En ocasiones, cuando se titula un artículo, se tiene la sensación de que el propio enunciado del mismo es suficiente para autoexplicarse y, por tanto, el desarrollo del texto aparece como superfluo; un poco de etimología, un poco de estar al cabo de la calle, y el trabajo de esclarecimiento puede parecer innecesario a un lector medianamente avisado. Sin embargo, asumiré el riesgo de pasarme de explicaciones de eso que he denominado, no sin ironía, “Paidoceno” (la era de los niños). 

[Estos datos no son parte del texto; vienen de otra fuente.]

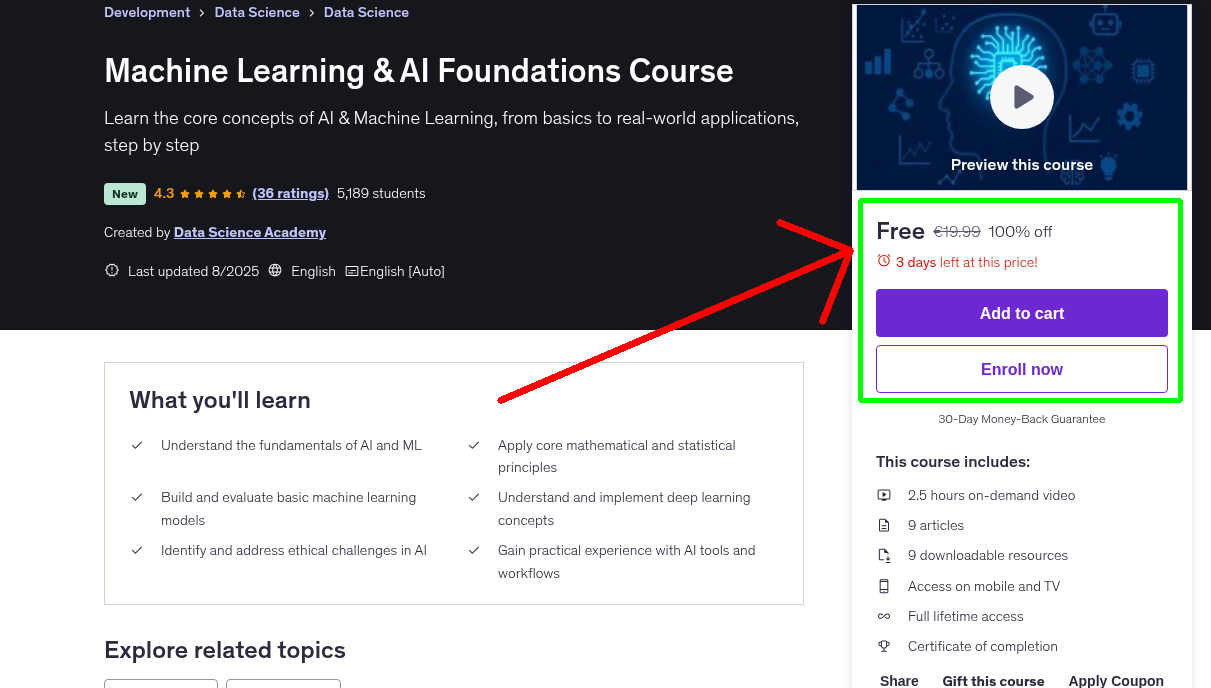 Machine Learning & AI Foundations Course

La palabra Antropoceno (antecedido de alguna forma por términos como Antropozoico o Antroceno aunque con distintos significados) fue propuesta, parece que casi de sopetón durante una charla, como nueva época geológica por el premio nobel de química Paul Crutzen alrededor del año 2000, y se refiere a la ultimísima fase del Período Cuaternario. Con ese vocablo Crutzen describe a grandes rasgos lo que el ser humano en su conjunto (ἄνθρωπος anthropos, humano) ha supuesto para los cambios geológicos y climáticos del planeta; especialmente mediante la deforestación y las invasiones de fauna y flora, el uso de combustibles fósiles, las modificaciones hidrográficas, las redes de automoción, etc. y todas las consecuencias que esto ha tenido para la geología y la vida del planeta (calentamiento global, cambios atmosféricos y alteraciones en las cadenas tróficas, pérdida de biodiversidad, peligro de extinción de la vida, etc.). Todos ellos fenómenos que vienen ocurriendo y agravándose especialmente desde mediados del siglo XVIII. Será la Comisión Internacional de Estratigrafía la que científicamente dé el visto bueno o no a la propuesta de Crutzen; y lo hará atendiendo a muchos factores que los legos en la materia desconocemos. Pero se acepte o no finalmente esta sugerencia, se puede decir que en general el Antropoceno ha tenido gran fortuna en los debates académicos y en los medios de comunicación, sean estos de divulgación científica o de cualquier otro tipo. Otros, por el contrario, aducen que es una nomenclatura que atiende más a cuestiones políticas que científicas; como no somos expertos en la materia tendremos que esperar a ver cómo resuelven ese conflicto los científicos, (doctores tiene la Iglesia Estratigráfica), pero no tenemos por qué renunciar al debate sobre la oportunidad de sus contenidos más inmediatos.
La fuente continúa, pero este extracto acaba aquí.